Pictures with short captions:
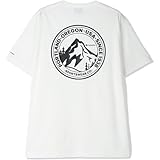 [コロンビア] アーバンハイクグラフィックショートスリーブTシャツ PM0616 (L,127：Sea Salt, Back Print)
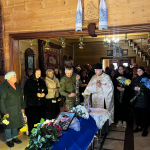 Понад рік вважався зниклим безвісти: на Волині попрощалися із загиблим захисником Миколою Іваніщуком
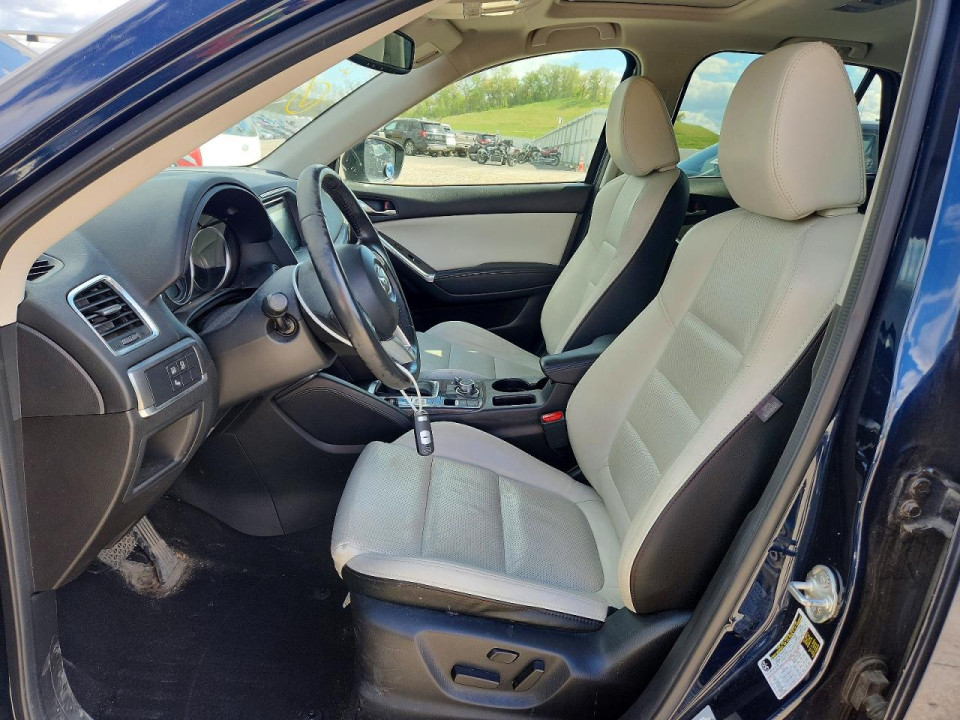 Mazda CX-5 2016 — Copart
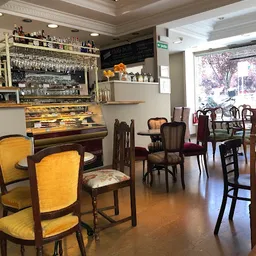 Café Peregrino - Restaurant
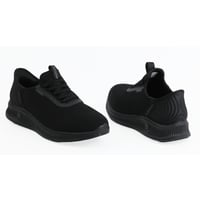 حذاء رياضي من باتونيا - اسود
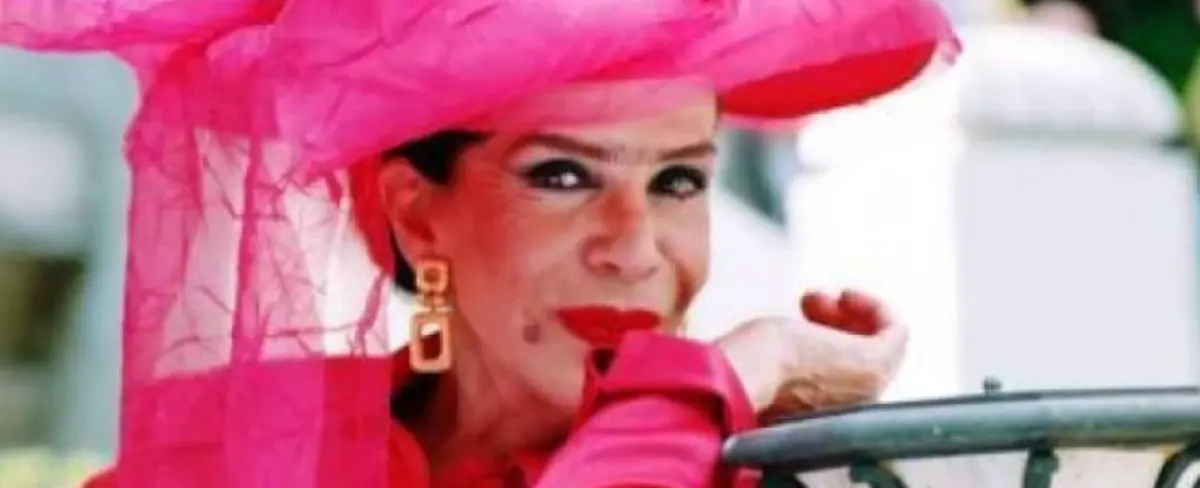 Muere Renata Flores a los 74 años, actriz de ¡Vivan los niños!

■ PROMPT ■
Reproduce word for word the lines from the line with "حذاء رياضي من باتونيا - اسود" to the end of the entries above, both included, but leave the pictures out.

■ OUTPUT OF THE TASK ■
 حذاء رياضي من باتونيا - اسود
 Muere Renata Flores a los 74 años, actriz de ¡Vivan los niños!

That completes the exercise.